Vier hochrangige Vertraute des US-Präsidenten Donald Trump haben mit einigen der wichtigsten politischen Gegner des ukrainischen Präsidenten Wolodymyr Selenskyj gesprochen. Es habe Unterhaltungen mit der ukrainischen Oppositionsführerin Julia Timoschenko und führenden Vertretern der Partei des Ex-Präsidenten Petro Poroschenko gegeben, berichtet "Politico" unter Berufung auf drei ukrainische Abgeordnete und einen US-Außenpolitikexperten der Republikaner. Dabei sei erörtert worden, ob in der Ukraine zügig Präsidentschaftswahlen abgehalten werden könnten.

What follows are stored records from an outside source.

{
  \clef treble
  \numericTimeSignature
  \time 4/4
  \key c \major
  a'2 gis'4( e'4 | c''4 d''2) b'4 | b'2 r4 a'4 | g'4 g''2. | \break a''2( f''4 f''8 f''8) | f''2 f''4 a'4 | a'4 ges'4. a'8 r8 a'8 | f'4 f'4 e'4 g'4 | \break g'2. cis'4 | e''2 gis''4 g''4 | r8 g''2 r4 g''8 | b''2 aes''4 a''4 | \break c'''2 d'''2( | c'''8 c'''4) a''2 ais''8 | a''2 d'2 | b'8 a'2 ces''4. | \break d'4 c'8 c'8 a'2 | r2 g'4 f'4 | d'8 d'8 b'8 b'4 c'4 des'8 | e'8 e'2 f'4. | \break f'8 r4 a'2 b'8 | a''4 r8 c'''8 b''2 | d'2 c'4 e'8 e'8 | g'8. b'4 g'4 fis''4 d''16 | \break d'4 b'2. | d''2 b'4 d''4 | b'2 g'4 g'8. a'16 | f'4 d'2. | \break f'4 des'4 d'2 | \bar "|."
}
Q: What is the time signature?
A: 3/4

Timoschenko und Poroschenko bestätigten nach der Veröffentlichung des Berichts die Gespräche mit den USA. Sein Team arbeite "öffentlich und transparent" mit den US-Partnern zusammen, um eine parteiübergreifende Unterstützung für die Ukraine zu gewährleisten, sagte Poroschenko laut "Kyiv Independent". Zugleich wiederholte er seine Ablehnung von Wahlen während des Krieges. Timoschenko reagierte ebenfalls auf den "Politico"-Artikel und sagte, ihre Partei Batkiwschtschyna verhandle mit "unseren Verbündeten, die dabei helfen können, so schnell wie möglich eine gerechte und friedliche Lösung zu finden". Sie bekräftigte, dass Wahlen erst nach dem Ende des Krieges möglich seien.

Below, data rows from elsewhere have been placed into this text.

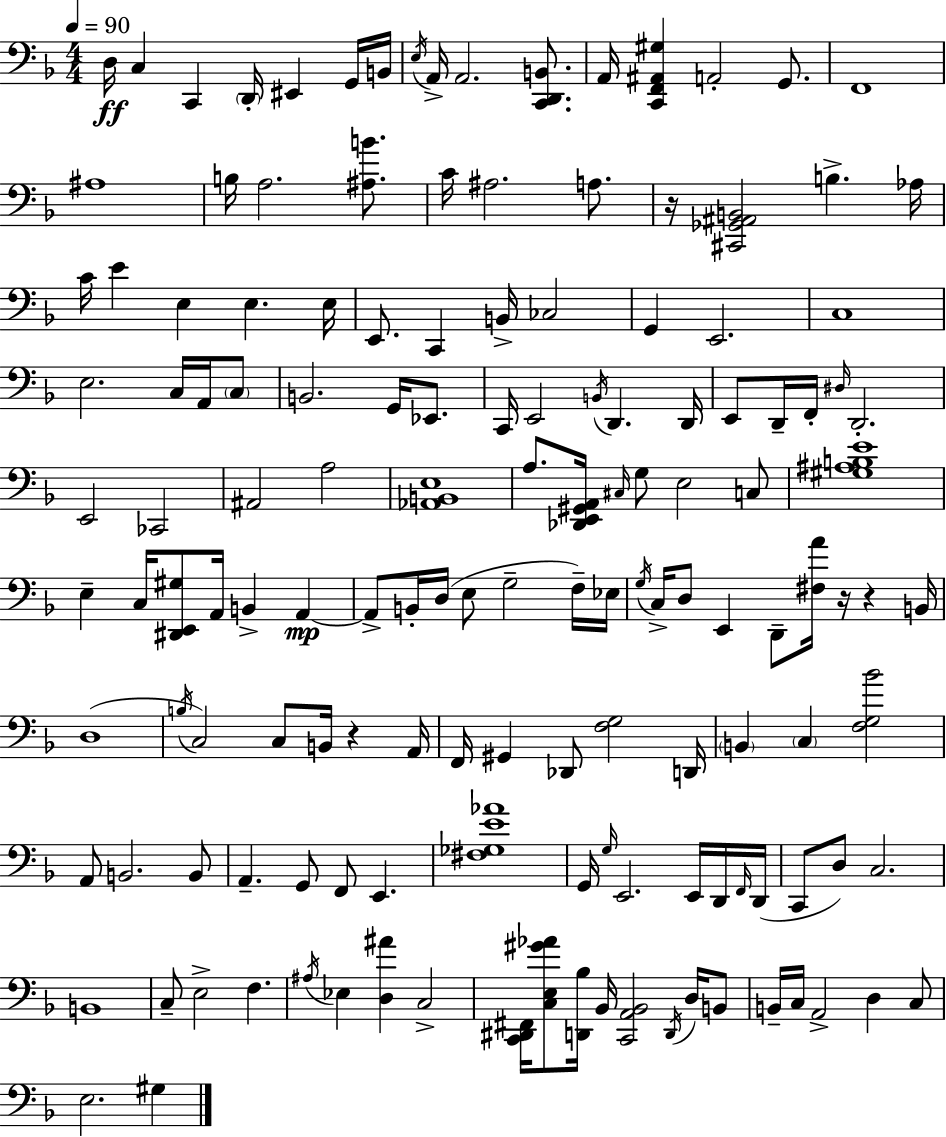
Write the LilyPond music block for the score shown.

{
  \clef bass
  \numericTimeSignature
  \time 4/4
  \key d \minor
  \tempo 4 = 90
  d16\ff c4 c,4 \parenthesize d,16-. eis,4 g,16 b,16 | \acciaccatura { e16 } a,16-> a,2. <c, d, b,>8. | a,16 <c, f, ais, gis>4 a,2-. g,8. | f,1 | \break ais1 | b16 a2. <ais b'>8. | c'16 ais2. a8. | r16 <cis, ges, ais, b,>2 b4.-> | \break aes16 c'16 e'4 e4 e4. | e16 e,8. c,4 b,16-> ces2 | g,4 e,2. | c1 | \break e2. c16 a,16 \parenthesize c8 | b,2. g,16 ees,8. | c,16 e,2 \acciaccatura { b,16 } d,4. | d,16 e,8 d,16-- f,16-. \grace { dis16 } d,2.-. | \break e,2 ces,2 | ais,2 a2 | <aes, b, e>1 | a8. <des, e, gis, a,>16 \grace { cis16 } g8 e2 | \break c8 <gis ais b e'>1 | e4-- c16 <dis, e, gis>8 a,16 b,4-> | a,4~~\mp a,8-> b,16-. d16( e8 g2-- | f16--) ees16 \acciaccatura { g16 } c16-> d8 e,4 d,8-- <fis a'>16 r16 | \break r4 b,16 d1( | \acciaccatura { b16 } c2) c8 | b,16 r4 a,16 f,16 gis,4 des,8 <f g>2 | d,16 \parenthesize b,4 \parenthesize c4 <f g bes'>2 | \break a,8 b,2. | b,8 a,4.-- g,8 f,8 | e,4. <fis ges e' aes'>1 | g,16 \grace { g16 } e,2. | \break e,16 d,16 \grace { f,16 } d,16( c,8 d8) c2. | b,1 | c8-- e2-> | f4. \acciaccatura { ais16 } ees4 <d ais'>4 | \break c2-> <c, dis, fis,>16 <c e gis' aes'>8 <d, bes>16 bes,16 <c, a, bes,>2 | \acciaccatura { d,16 } d16 b,8 b,16-- c16 a,2-> | d4 c8 e2. | gis4 \bar "|."
}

Am vergangenen Freitag war Selenskyj im Weißen Haus mit Trump und dessen Vizepräsidenten J.D. Vance aneinandergeraten. Trump und Vance hatten Selenskyj schwere Vorwürfe gemacht - unter anderem warfen sie ihm fehlende Dankbarkeit und mangelnden Respekt vor. Das Treffen wurde vorzeitig abgebrochen, ein geplantes Rohstoffabkommen nicht unterzeichnet. Die USA haben inzwischen die Waffenhilfe für die von Russland angegriffene Ukraine ausgesetzt. Selenskyj brachte am Dienstag sein Bedauern über den Eklat zum Ausdruck.

Zuvor hatte Trump Selenskyj einen "Diktator ohne Wahlen" genannt und Selenskyjs Legitimität in Zweifel gezogen. Hintergrund der Behauptung, die auch der Kreml regelmäßig verbreitet, ist, dass Selenskyjs reguläre Amtszeit im Mai vergangenen Jahres auslief und normalerweise in der Ukraine neu gewählt werden müsste - was die ukrainische Verfassung während des Krieges aber verbietet.

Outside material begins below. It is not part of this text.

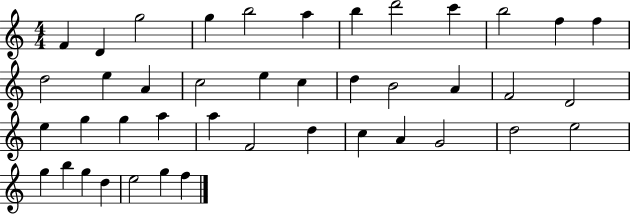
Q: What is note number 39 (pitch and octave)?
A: D5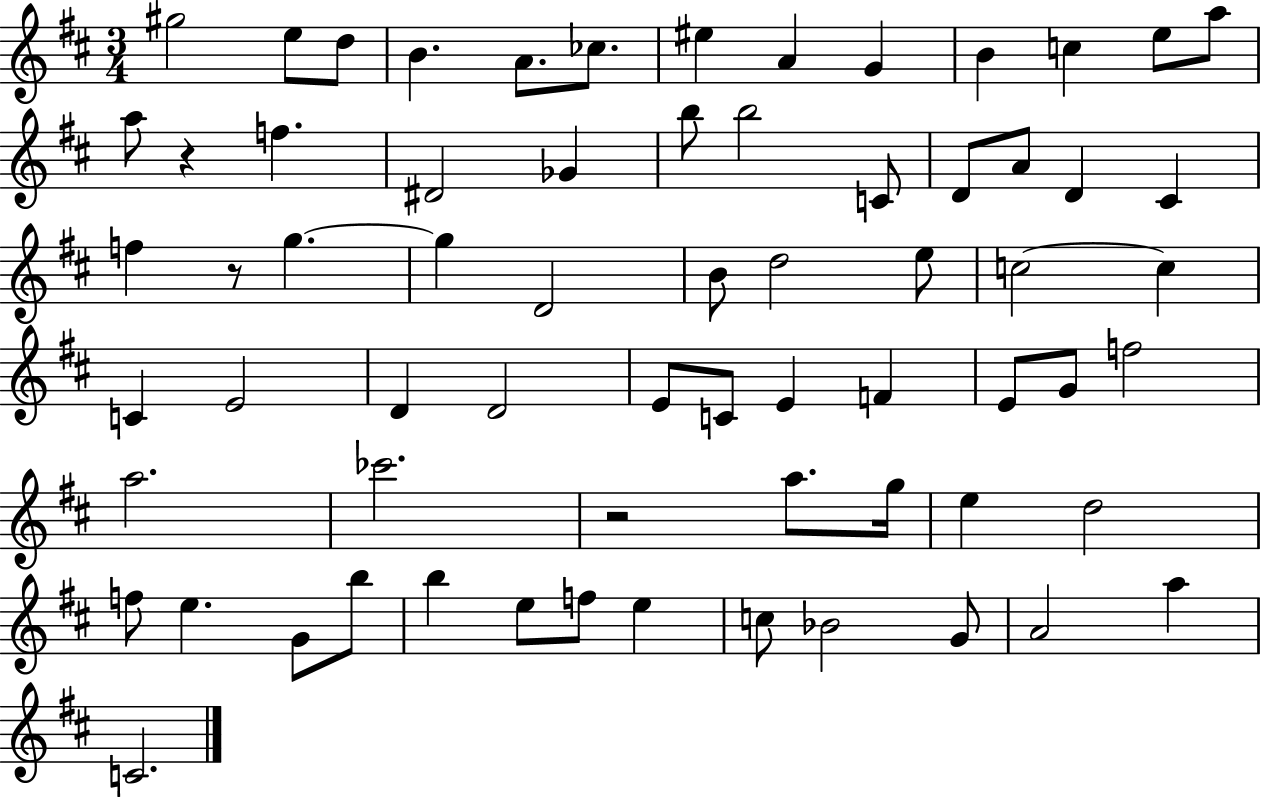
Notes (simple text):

G#5/h E5/e D5/e B4/q. A4/e. CES5/e. EIS5/q A4/q G4/q B4/q C5/q E5/e A5/e A5/e R/q F5/q. D#4/h Gb4/q B5/e B5/h C4/e D4/e A4/e D4/q C#4/q F5/q R/e G5/q. G5/q D4/h B4/e D5/h E5/e C5/h C5/q C4/q E4/h D4/q D4/h E4/e C4/e E4/q F4/q E4/e G4/e F5/h A5/h. CES6/h. R/h A5/e. G5/s E5/q D5/h F5/e E5/q. G4/e B5/e B5/q E5/e F5/e E5/q C5/e Bb4/h G4/e A4/h A5/q C4/h.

Kiew hat wiederholt klargestellt, im Falle eines Friedensschlusses Neuwahlen einzuberufen. Dass wegen des russischen Angriffs auf sein Land das Kriegsrecht gelte und es deshalb keine Neuwahlen geben könne, sei keine ukrainische Besonderheit, sagte der ukrainische Botschafter in Deutschland, Oleksii Makeiev kürzlich in der ARD. "Das ist die gängige Praktik in vielen Ländern der Welt, und auch in Deutschland."

Selenskyj: "Nicht so einfach, mich zu ersetzen"

Nach dem desaströsen Treffen im Weißen Haus reagierte Selenskyj auch am Sonntag: "Angesichts dessen, was passiert, und angesichts der Unterstützung wird es nicht so einfach sein, mich zu ersetzen", sagte Selenskyj nach einem Gipfeltreffen mit europäischen Verbündeten in London. "Es reicht nicht aus, einfach eine Wahl abzuhalten. Man müsste mich auch daran hindern, zu kandidieren, was etwas schwieriger wäre", fügte der ukrainische Staatschef hinzu.

Er bekräftigte, dass er zum Rücktritt bereit sei, wenn die Ukraine im Gegenzug Mitglied der Nato werde. Dann hätte er seine "Mission erfüllt".